I think when telaprevir is added to the mix it will tend to trump any IFN resistant virii.  The issue however may remain for people who have to quit triple therapy treatment prematurely and who do not succeed may have to find stronger treatments to overcome resistant strains of HCV.  I think many of the principles involved with resistant bacteria and antibiotics will be seen in TX and HCV.

Best wishes by the way on your remaining TX and ultimate success.

Willy

Seems like there's a lot of confusion about this.  Lab-rat is a RESPONDER.  Lab-rat did 48 weeks SOC and relapsed post tx.  Lab-rat please correct me if I am wrong.  

So interferon resistance is not the issue.  Telaprevir resistance is the issue.  
Well, that's how I read it.

dointime.

For the umpteenth time!!! I have treated 7 times with SOC prior to entering Prove 3.  I was undetectable at week  2!!!!!!!!!!!!!!!!!!!!!!!!!!!!!!!! Does that sound like I am resistant??????????????????????????????????????????????????

I would like to know the answer to that also. According to some, even treating nonresponders with higher doses of interferon or ribavirin will not work.
I am very interested in the results of the telaprevir trials with nonresponders.

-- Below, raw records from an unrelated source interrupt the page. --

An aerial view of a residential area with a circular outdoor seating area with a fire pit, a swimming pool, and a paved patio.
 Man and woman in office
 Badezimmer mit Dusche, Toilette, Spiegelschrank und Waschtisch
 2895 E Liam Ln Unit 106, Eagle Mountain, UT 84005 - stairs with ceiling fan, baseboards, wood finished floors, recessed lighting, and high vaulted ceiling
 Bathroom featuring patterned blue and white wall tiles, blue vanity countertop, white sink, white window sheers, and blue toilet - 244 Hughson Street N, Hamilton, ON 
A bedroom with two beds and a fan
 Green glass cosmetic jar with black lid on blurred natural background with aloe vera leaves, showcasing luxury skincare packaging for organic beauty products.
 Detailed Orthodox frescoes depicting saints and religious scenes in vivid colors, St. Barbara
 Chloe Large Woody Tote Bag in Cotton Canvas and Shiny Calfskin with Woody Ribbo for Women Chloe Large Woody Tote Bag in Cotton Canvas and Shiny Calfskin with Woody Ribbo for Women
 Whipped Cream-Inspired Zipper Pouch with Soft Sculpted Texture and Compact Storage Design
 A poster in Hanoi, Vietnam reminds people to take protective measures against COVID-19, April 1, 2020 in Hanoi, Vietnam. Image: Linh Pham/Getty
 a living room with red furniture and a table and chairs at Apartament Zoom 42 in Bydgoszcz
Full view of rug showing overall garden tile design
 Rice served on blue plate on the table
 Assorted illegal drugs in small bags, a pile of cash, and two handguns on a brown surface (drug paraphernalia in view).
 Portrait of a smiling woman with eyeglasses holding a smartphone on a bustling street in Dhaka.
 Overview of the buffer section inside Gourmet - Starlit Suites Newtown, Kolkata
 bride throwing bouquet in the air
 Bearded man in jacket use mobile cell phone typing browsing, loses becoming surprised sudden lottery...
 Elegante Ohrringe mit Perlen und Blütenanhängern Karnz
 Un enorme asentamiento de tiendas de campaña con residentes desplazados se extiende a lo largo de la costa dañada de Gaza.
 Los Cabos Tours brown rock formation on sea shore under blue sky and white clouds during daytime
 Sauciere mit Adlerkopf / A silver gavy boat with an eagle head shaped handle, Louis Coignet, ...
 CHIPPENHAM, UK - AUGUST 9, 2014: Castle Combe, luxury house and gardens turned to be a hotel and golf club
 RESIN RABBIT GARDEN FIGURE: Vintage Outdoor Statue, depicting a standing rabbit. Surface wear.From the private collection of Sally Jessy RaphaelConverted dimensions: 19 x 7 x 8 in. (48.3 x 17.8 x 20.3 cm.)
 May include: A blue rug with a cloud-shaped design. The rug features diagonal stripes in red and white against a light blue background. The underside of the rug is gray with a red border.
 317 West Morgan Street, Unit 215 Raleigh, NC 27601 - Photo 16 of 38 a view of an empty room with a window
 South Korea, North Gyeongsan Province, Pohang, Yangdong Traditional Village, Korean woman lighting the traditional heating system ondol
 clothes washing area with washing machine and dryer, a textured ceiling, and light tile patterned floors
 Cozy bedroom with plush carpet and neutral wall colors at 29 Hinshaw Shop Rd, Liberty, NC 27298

I guess we will have to see 3 or 6 month post treatment results.

"He explained if I treat now I would be interferon resistant and could not use the new drugs coming up inthe next few years"

I believe this is what the doctor meant. If you treat now and you do not respond, treating later with telaprevir or other PI's plus interferon, will not work for you. If you wait and use the telaprevir with your first try on interferon (treatment naive patients), the PI's may be enough to allow you to SVR. If a non-responder has complied perfectly, not had any dose reductions, and never had a 2 log drop, he is resistant to interferon and adding a PI will not work. Why it would work with a PI the first time is unclear to me. Perhaps HR would be able to explain.